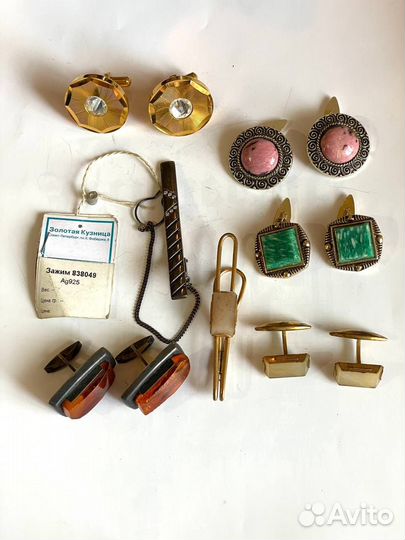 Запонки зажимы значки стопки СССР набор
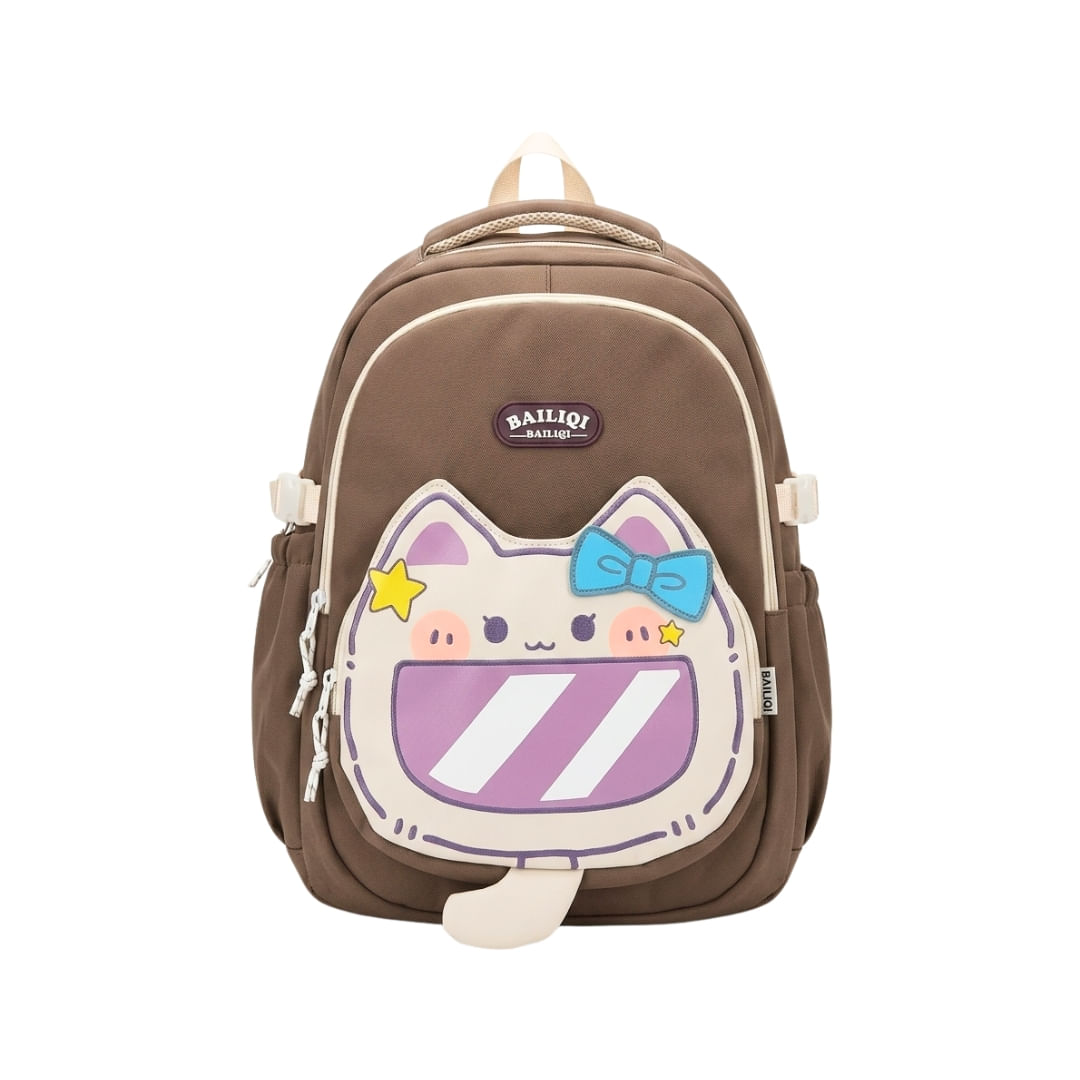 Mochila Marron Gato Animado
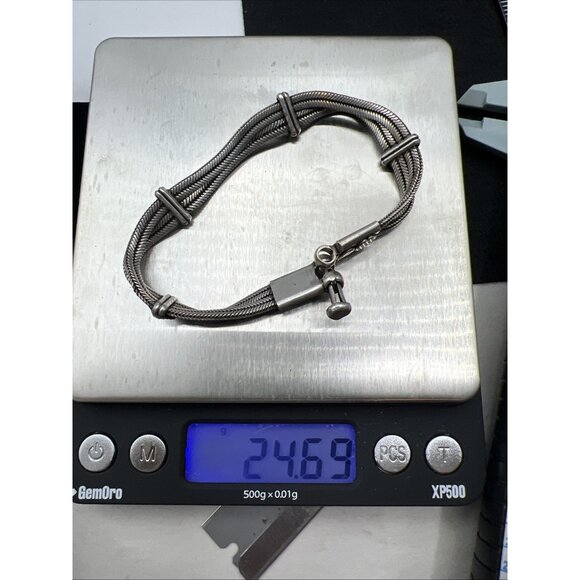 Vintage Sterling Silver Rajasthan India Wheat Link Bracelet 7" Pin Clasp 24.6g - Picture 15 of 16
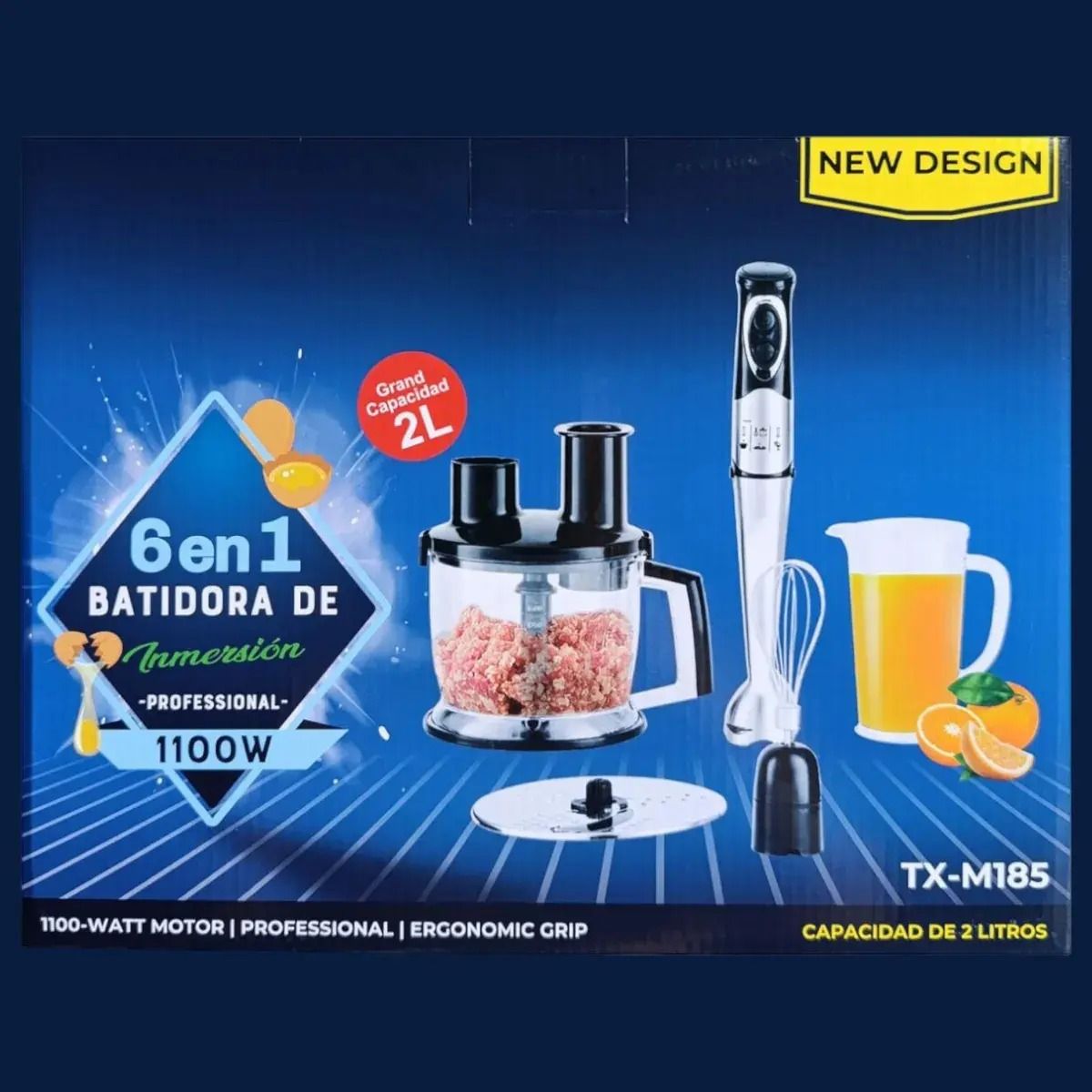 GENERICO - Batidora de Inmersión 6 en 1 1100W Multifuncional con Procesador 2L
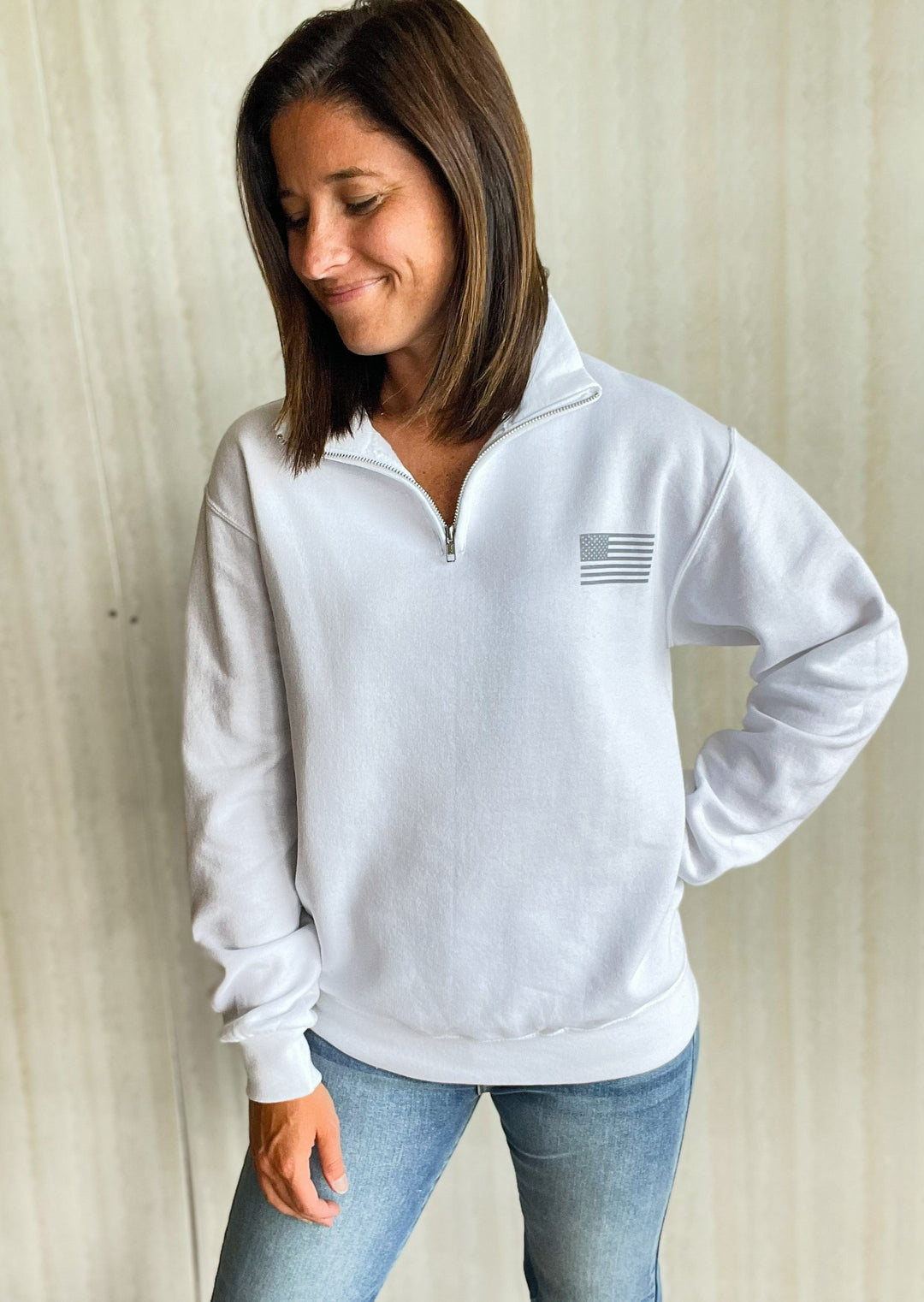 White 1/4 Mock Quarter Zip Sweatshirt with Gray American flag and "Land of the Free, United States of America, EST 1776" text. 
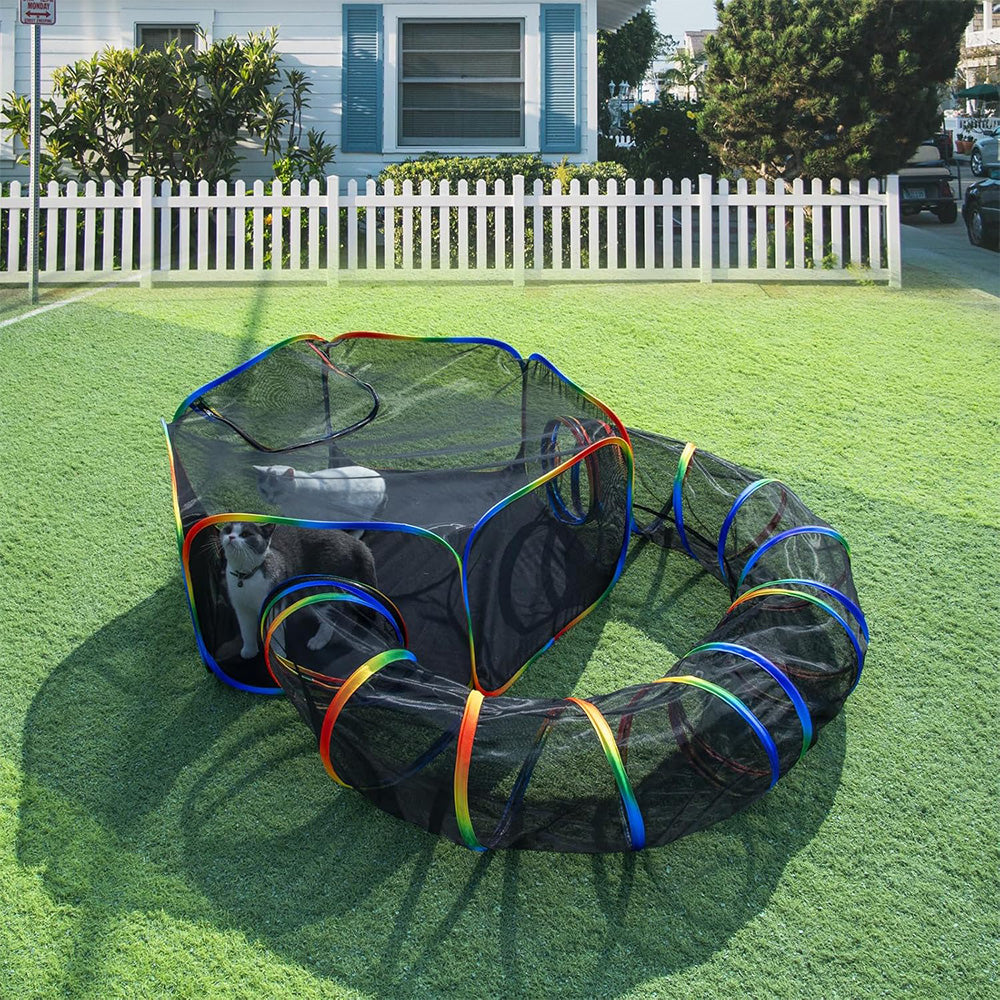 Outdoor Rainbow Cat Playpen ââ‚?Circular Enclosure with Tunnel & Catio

** What you are asked to do **
Print, exactly, each line above from the one with "GENERICO - Batidora" to the one with "White 1/4 Mock", end lines included. Leave pictures out of it.

** Exercise response **
 GENERICO - Batidora de Inmersión 6 en 1 1100W Multifuncional con Procesador 2L
 White 1/4 Mock Quarter Zip Sweatshirt with Gray American flag and "Land of the Free, United States of America, EST 1776" text. 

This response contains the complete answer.